Iedereen kan
tegenwoordig op het internet, Het is zeer toegankelijk voor de kinderen van nu
en ze zijn er zelfs mee opgegroeid. Er is niks niet te zien op het internet. Waar
eerst de geschreven kunst voor de elite was, kan nu iedereen alles wat ze
willen weten of zien bekijken op het web.
Er kan door
iedereen informatie toegevoegd worden op het internet dan wel niet van iemand
anders of van diegene zelf. Er kunnen kleine kinderen verhalen vertellen of
lezen. Ze kunnen veel leren op het internet maar kunnen echter ook afschuwelijke
dingen tegenkomen.
De digitale
wereld is een deel van onze samenleving geworden. Het is voor velen onmisbaar
in het dagelijks leven. Iedereen staat continu in contact met elkaar. Hoe zou
de hedendaagse samenleving er wel niet uit hebben gezien als er geen personen
begonnen waren met muurschilderingen te maken?
We kunnen
onszelf goed vergelijken met de monniken die als eerst de boeken overschreven
en kennis overdroegen. We kunnen onszelf ook goed vergelijken met de eerste
personen die boeken begonnen te drukken. Dit omdat we vrijwel elke dag tekst en
kennis verspreiden via het internet, door middel van onze telefoons en
computers.
Je kan een
tekst schrijven en op Wikipedia zetten. De tekst wordt dan naderhand
gecontroleerd. Dit maakt Wikipedia vertrouwelijker dan de encyclopedie waardoor
op de lange termijn de eeuwenoude boekenkunst van papier en inkt zal gaan verdwijnen.

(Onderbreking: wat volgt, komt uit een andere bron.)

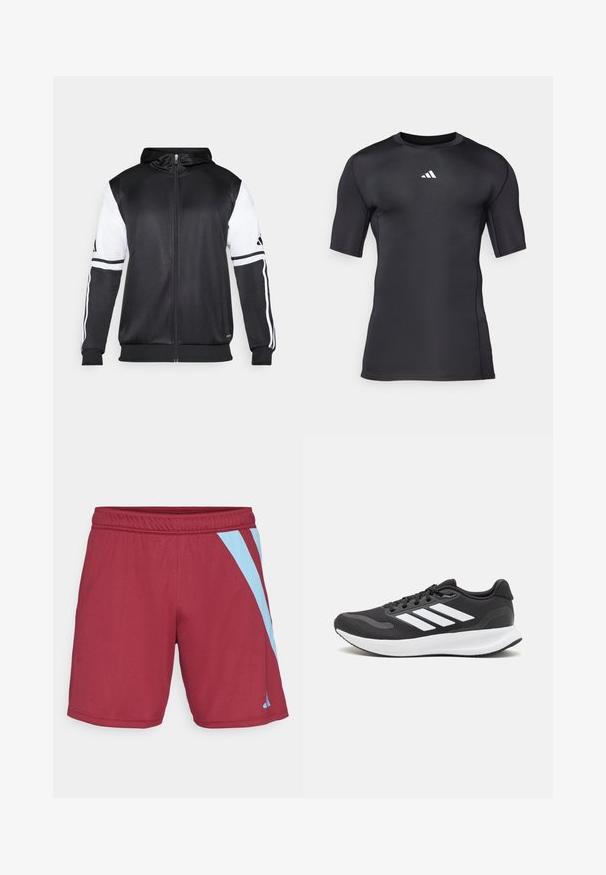 Svart hettegenser med glidelås som har hvite ermer og tre hvite striper langs armene. Laget av et glatt, lett stoff. Designet inkluderer hettegenseren.; Sorte atletiske kortermede skjorte laget av glatt, elastisk stoff. Har et hvitt logo på brystet og flatlock-sømmer for komfort.; Burgunderfargede treningsshorts med lyseblå sidestropper, elastisk midje og glatt tekstur, designet for komfort og bevegelighet.; Svarte sportsko med pustende mesh-overdel, hvite detaljer og en polstret såle. Har tre striper-logo på siden.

Is dit erg? Ik denk van niet. We zitten gewoon in de volgende ontwikkeling
waarin er nou eenmaal dingen verdwijnen en er andere voor in de plaats komen.
In dit geval verdwijnt het boek en daarvoor in plaats komt het digitale scherm.
We zijn
begonnen in een piramide vorm van informatie verschaffen, waarin vroeger de
monniken bepaalde wat er gelezen werd. Nu is de piramide omgedraaid en bepalen
we zelf wat we lezen en in veel gevallen schrijven we het ook nog zelf.
De telegraaf
staat aan het begin van een serie ontwikkelingen waar communicatie door werd
vergemakkelijkt. De telefoon werd verder ontwikkeld tot een draagbaar apparaat waarmee
je altijd en overal met een andere persoon die ook zo’n telefoon had kon
communiceren.
Nu is de
telefoon zover dat we continu overal en altijd in contact staan met de hele
wereld. Van de Verenigde Staten tot aan Europa is er geen moment rust voor een
persoon die zijn mobiel aan heeft staan en in zijn zak heeft zitten. Door
middel van sociale media zoals Facebook is het mogelijk om jezelf te
projecteren op een scherm naar de rest van de wereld toe.
De mensen
die op Facebook zitten die zijn continu bezig of dit geprojecteerde scherm wel
voldoet aan de verwachtingen die zij denken dat andere mensen van hun hebben.
De telegraaf heeft hier allemaal voor gezorgd dat we continu bezig zijn met
elkaar en onszelf.
De wereld is
een dorp geworden.
We leven in
een tijd dat de smartphone ons leven controleert. Voor alles is tegenwoordig een
applicatie en ons leven gaat via onze telefoon. Er gaat geen dag voorbij dat ik
op mijn mobiel geen berichten ontvang van andere mensen. Hierdoor wordt de
cohesie onder de samenleving uiteraard versterkt. Maar het zorgt anderzijds ook
voor problemen: mensen vinden het lastiger om alleen te zijn.
Er moet
continu contact gelegd worden met de buitenwereld, als er 3 uur geen “whatsapp
bericht” is verkregen of geen Facebook feed is bekeken ontstaat er al stress.
De
smartphone is natuurlijk ook een verlenging van het hedendaagse leven. Het
maakt dingen makkelijker. Je hebt je agenda, je bankrekening en je e-mail
allemaal in één aparaat. De werktijd van de gemiddelde arbeider is met een
kwart verlengd door de komst van de smartphone, dit betekent dat het beter is
geweest voor economie.
Maar dat er
een chaos uitbreekt zodra het Blackberry ping systeem offline raakt gaat voor
mij toch iets te ver. Het lijkt alsof men vergeten is dat het slechts een
hulpmiddel is en geen oplossing voor de eventuele problemen.